The change is visible in the DataHub UI as a Channel column on the pool (values: SQS, KAFKA). All other functionality - pool management, executor health, ingestion source assignment - is unchanged.

Prerequisites

  1. DataHub Cloud must enable the feature on your instance. Contact your CSM/CCE to request enablement. Without this server-side toggle, the upgrade cannot proceed.
  2. Remote Executor image version ≥ 1.1.0 — earlier versions are SQS-only and have no concept of a channel.
  3. Helm chart acryl-datahub-executor-worker ≥ 0.0.43.
  4. The pool you intend to upgrade is a normal Remote Executor Pool (not the built-in default).

New pools created on your instance continue to use SQS by default. You can choose to upgrade each pool individually using the procedure below.

How the channel switch works

A few rules first:

  • A Remote Executor runs one channel at a time (either SQS or KAFKA). The Executor Coordinator on the DataHub Cloud side handles both channels, so SQS and Kafka pools can co-exist on the same instance.
  • A pool should have all its executors on the same channel. Mixing is only expected as a transient state during an upgrade.
  • Remote Executors from version 1.1.0 and onward default to SQS even if they are channel-aware. They only switch to KAFKA when you explicitly opt in by setting both:
    • the Helm value channel: KAFKA on the executor worker instance, and
    • the corresponding environment variable on the executor container (set automatically by the Helm chart when the value above is provided).

With that in mind, the per-pool upgrade flow is:

  1. You deploy Kafka-enabled executors (image ≥ 1.1.0, channel: KAFKA) into the pool.
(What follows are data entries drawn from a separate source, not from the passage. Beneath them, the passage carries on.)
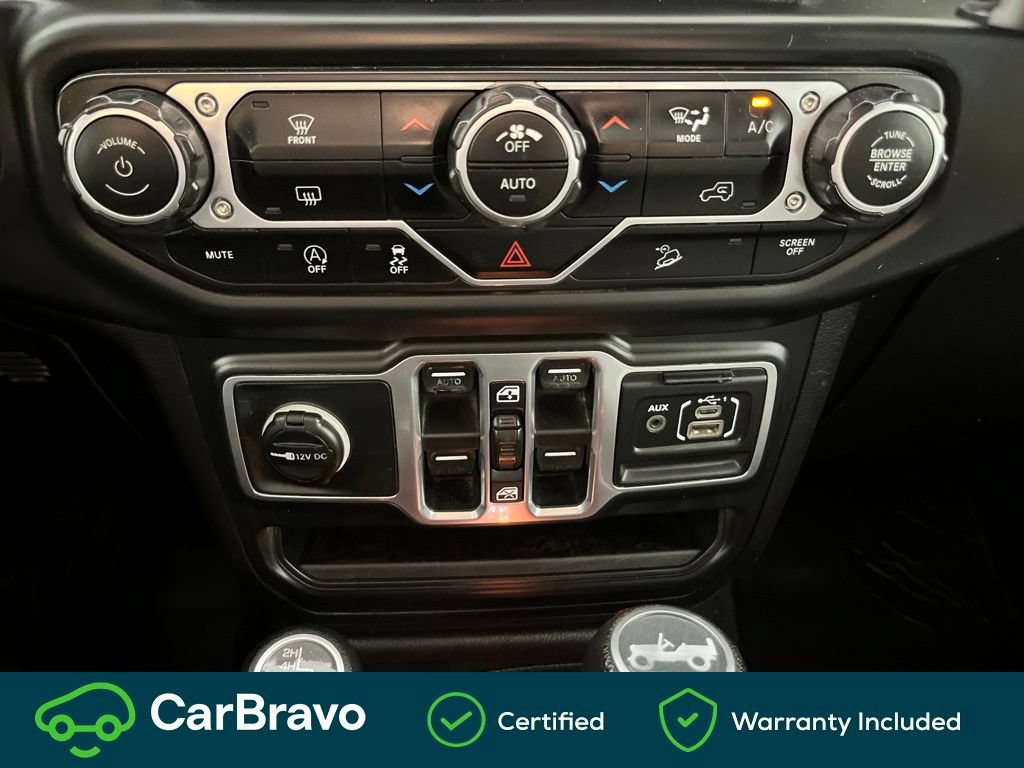 Used 2018 Jeep Wrangler Unlimited Sahara AWD/4WD image 28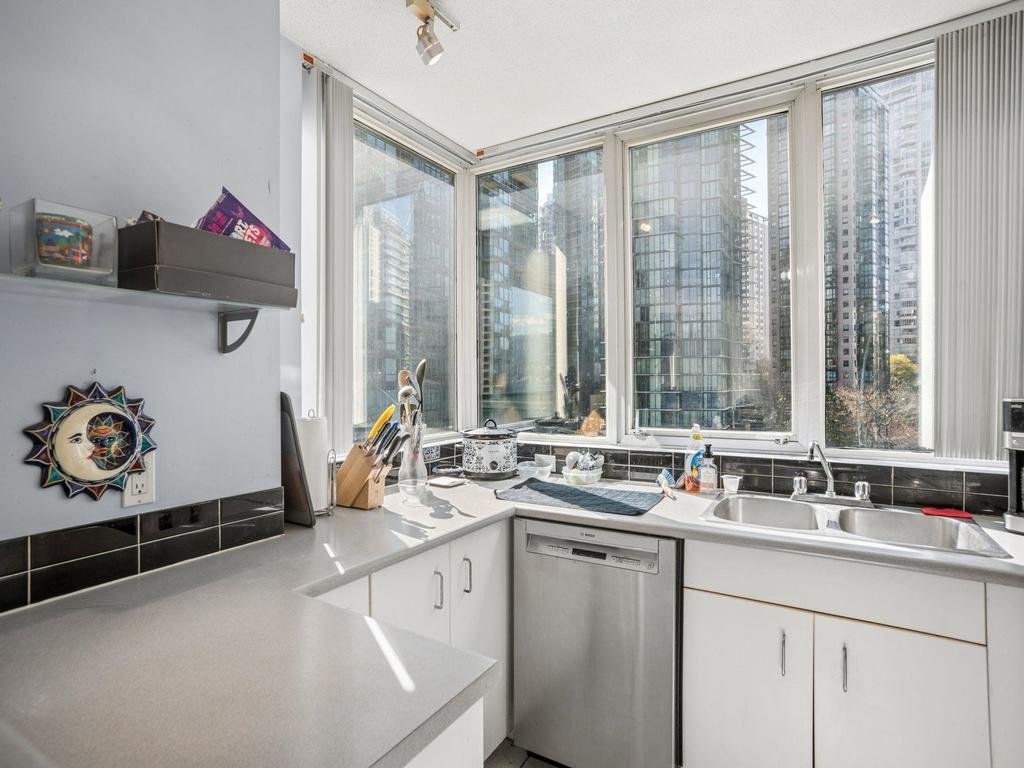 Listing Image for R3110545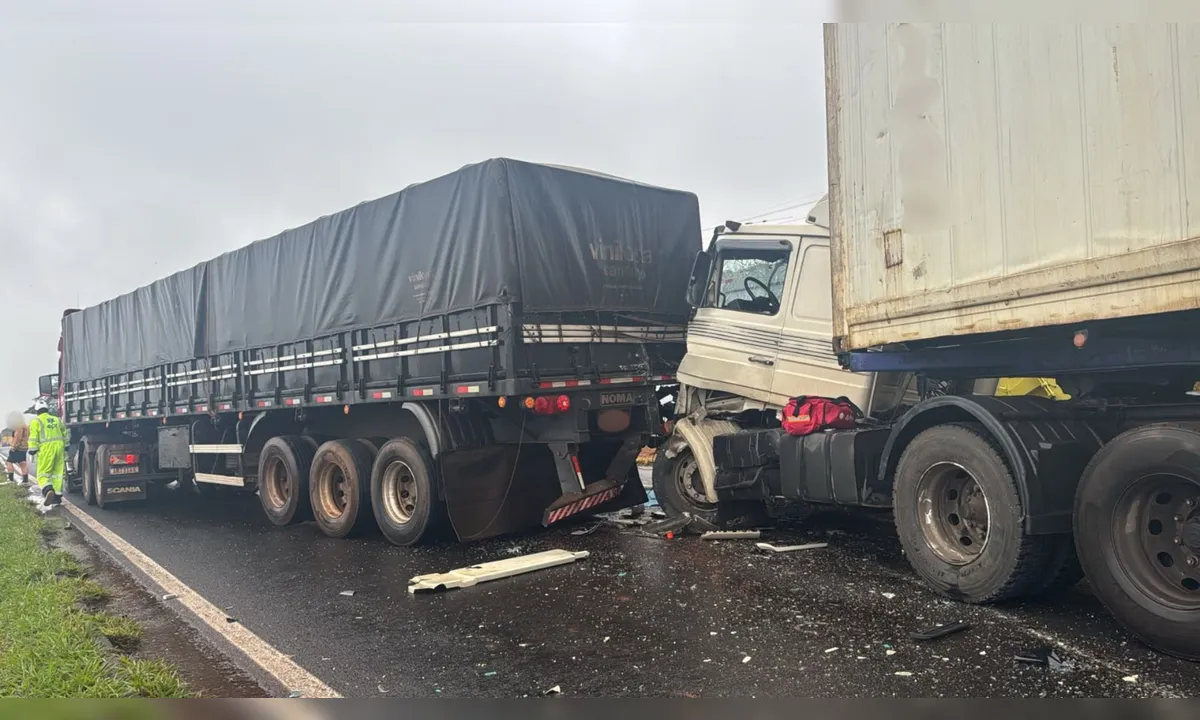 Acidente entre duas carretas provoca congestionamento quilométrico na BR-369, em Londrina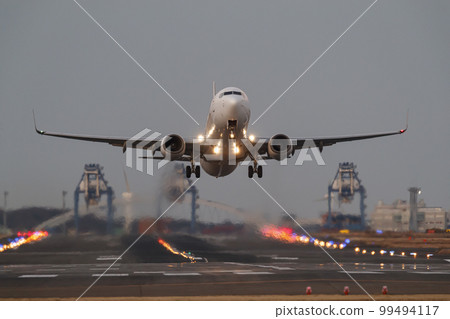 B737 taking off from Haneda Airport 99494117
They join but stay in Waiting state - they do not receive work yet.
  2. Once ≥ 50% of the pool's executors report the new channel, DataHub flips the pool's channel automatically. The pool enters DRAINING:
    • New work is sent on the new channel.
    • Old executors keep finishing in-flight work from SQS.
  3. When SQS is empty (or a safety timeout fires), the pool moves to READY on the new channel. The old executors are marked incompatible and can be removed.
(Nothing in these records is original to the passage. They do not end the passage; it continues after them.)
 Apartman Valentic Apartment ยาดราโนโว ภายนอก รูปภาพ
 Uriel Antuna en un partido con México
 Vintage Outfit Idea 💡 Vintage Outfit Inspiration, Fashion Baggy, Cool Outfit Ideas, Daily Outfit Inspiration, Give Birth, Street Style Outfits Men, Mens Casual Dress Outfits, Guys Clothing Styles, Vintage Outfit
Channel upgrade flow: SQS READY → SQS READY with Waiting new executors → KAFKA DRAINING → KAFKA READY

You can watch the pool's progress at any time in Data Sources → Executors.

Upgrade strategies

Deploy executors built for the new channel alongside your existing ones, temporarily doubling capacity.

  1. In your Helm values, add a second acryl-datahub-executor-worker instance with channel: KAFKA next to your existing one. Keep your existing instance's replica count unchanged.
  2. Apply the change. The new executors register and show as Waiting.
  3. Once ≥ 50% of the pool's executors are on the new channel, the pool auto-flips and starts draining SQS.
  4. Wait until the pool shows the new channel and status READY in the UI (SQS drain complete).
  5. Remove the old instance from your Helm values and re-apply.

Pros: no work interruption, no in-flight messages lost. Cons: requires ~2× resources during the migration window.

Option 2: Rolling restart

Replace executors in place using your existing deployment automation.

Trade-offs:

  • New executors stay Waiting until they cross the 50% threshold, so the pool's effective capacity dips during the rollout.
  • If all old executors are removed before SQS is drained, any in-flight SQS messages are abandoned when the safety timeout fires. The Sweeper will reschedule eligible ingestions within ~1 hour; assertion and monitor runs that were in flight at cutover are lost.

Suitable for: low-traffic pools, ingestion-only pools, or planned quiet windows. Not recommended for: high-throughput assertion or monitor pools.

Verifying the upgrade

In Data Sources → Executors:

  • The pool's Channel column shows KAFKA and status is READY (not DRAINING).
  • Each executor in the pool shows KAFKA in its Channel column.

If something looks wrong, check the executor logs and contact DataHub support.

FAQ

Do I have to upgrade? Not immediately. Pools default to SQS and continue working. Upgrade, if you want to remove SQS access from your environment. Ultimately SQS channel will be completely removed.

Can I upgrade some pools and leave others on SQS? Yes. The upgrade is per-pool and independent.

Can I roll back to SQS after upgrading a pool? No. The switch is one-way per pool. If you need to revert, create a fresh pool.